→ **Given material**

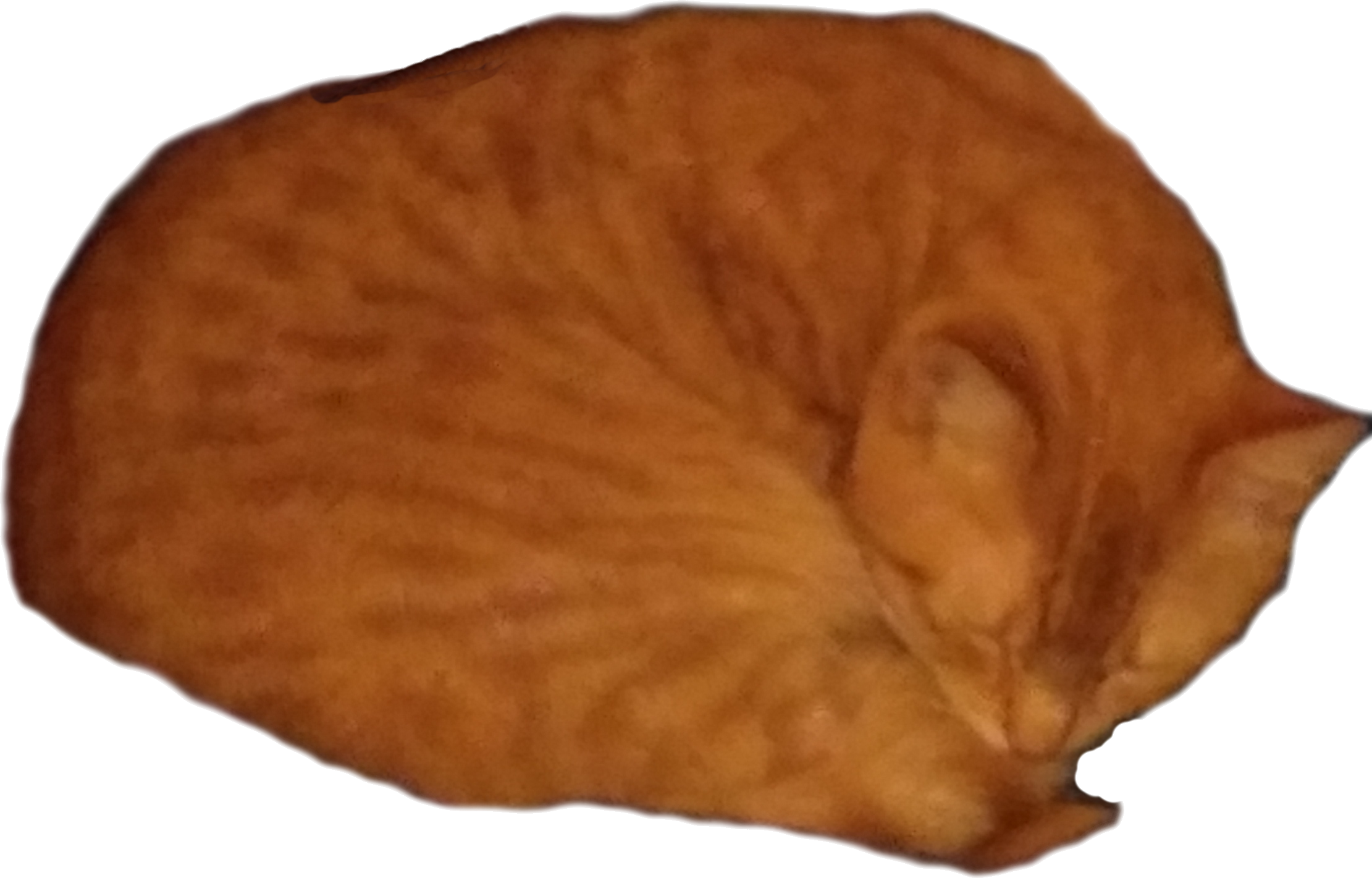 Bibi sleeping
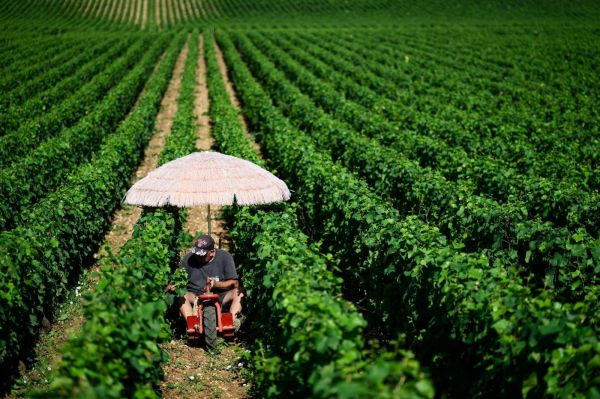 Le Haut Conseil pour le climat déplore de nombreux « reculs » sur la décarbonation en France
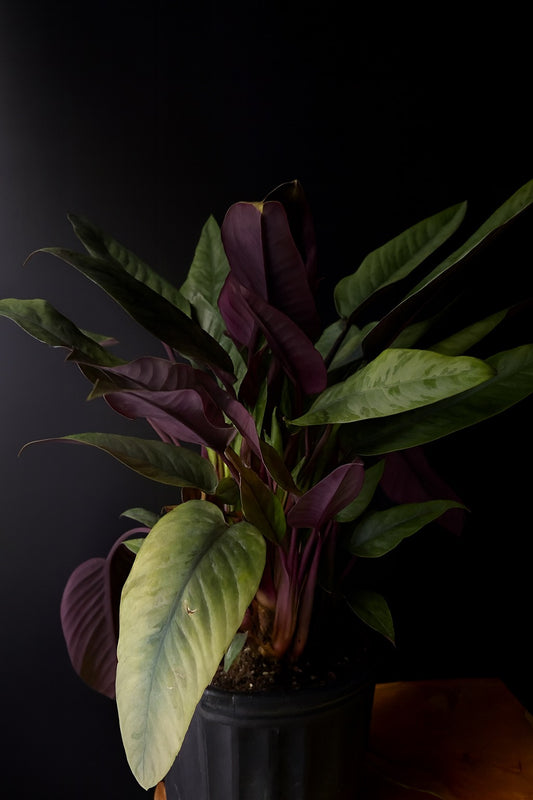 Potted plant with dark and light green  and purple leaves against a black background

→ **Exercise instructions**
The expected output is exactly the lines from the one containing "Le Haut Conseil" through the last line of the listing, both included, with every picture left out.

→ **Solution to the problem**
 Le Haut Conseil pour le climat déplore de nombreux « reculs » sur la décarbonation en France
 Potted plant with dark and light green  and purple leaves against a black background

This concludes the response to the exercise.